[quote]Chris Colucci wrote:
[quote]Bull_Scientist wrote:
I don’t exactly remember when I switched to SS, but I know that it was between 5-6 months ago when I did.[/quote]
You’ve said you switched around the end of May, so yep, about 6 months. That’s a lot of time to have seen some major strength and bodyweight gains on Starting Strength, unless you screwed it up.
http://tnation.T-Nation.com/free_online_forum/sports_body_training_performance_bodybuilding_beginner/not_progressing_with_bench_press_on_w4sb_program?id=5834065&pageNo=4
Which, again, begs the question that was already asked: Why and how are you doing barbell curls within the Starting Strength program?
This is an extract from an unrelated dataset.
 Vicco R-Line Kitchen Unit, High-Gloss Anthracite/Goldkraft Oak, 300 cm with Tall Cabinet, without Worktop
They just do. It’s not magic. They progress just like any other exercise, an extra rep or two and/or a few more pounds each session, week after week, month after month, year after year. A just-over-half-bodyweight barbell curl for reps is not some giant milestone.
Like Dagill said, it’s not “bad” it’s just unnecessary and inefficient. A set of 10 isn’t/shouldn’t be so physically demanding that you need 90 solid seconds of rest before doing another set.
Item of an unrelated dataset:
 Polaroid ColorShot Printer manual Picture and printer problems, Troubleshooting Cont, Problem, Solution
If the priority is to stimulate biceps growth, not size (which it is because you’re using sets of 10), then either shave down the rest to well-under a minute (30 second or less would even be doable) or jump right to another exercise as a superset. And, for the sake of repeating myself, why/how/when are you programming 2-3x10 curls into Starting Strength?[/quote]
Well, I am 5’9" bodyweight is now 150 lbs. and currently these are my 5RM for each of the main exercises:
Bench press: 182.5 lbs.
Low-bar parallel squats: over a month and half ago it was 262.5 lbs. I stopped doing this squat variation because even though I was continuing to make significant strength gains on this exercise, the accruing weight on the barbell got so heavy to the point of eventually causing compressing on the back of my shoulders, thereby causing a lot of pain radiating from my shoulders to my elbows. Therefore, I switch a month ago to the high-bar ATG squats version -with a towel wrapped around the barbell for some cushioning on the back of my shoulders.
High-bar ATG squats: 232.5 lbs.
Shoulder press: 115 lbs.
Barbell rows: 145 lbs.
Power cleans: 125 lbs.
Conventional deadlift: 345 lbs.
Also, these are my current best BW pull-up/chin-up record:
Pull-ups: 1st set–> 10
2nd set → 9
3rd set → 8 reps
Chin-up: 1st set–> 11 reps
2nd set → 10 reps
3rd set → 9 reps
To answer your question as to why I have been doing curls, is because I thought that it would okay to add them if I wanted to. Rippetoe, didn’t say in the SS book that beginners shouldn’t do them. In the section of the book where he specifically talks about curls, he starts off by saying “since you’re going to do them anyway we might as well discuss the right way to do them.”
Furthermore, I didn’t know that when doing any isolation exercise to primarily stimulate muscular hypertrophic int he biceps, regardless of what level you are as a weight trainee, that you generally do not need to rest for more than about 45 sec. in between each set. I thought before that the rest period for maximum muscular hypertrophy ranged from 30 sec. to 2 min. and that for a novice like myself, regardless of what weightlifting exercise I do as long as each of my recovery period are within that time range then I will stimulate optimal muscular hypertrophy in the specific working muscle or muscles (provided of course that do I at least 8 reps on any exercise).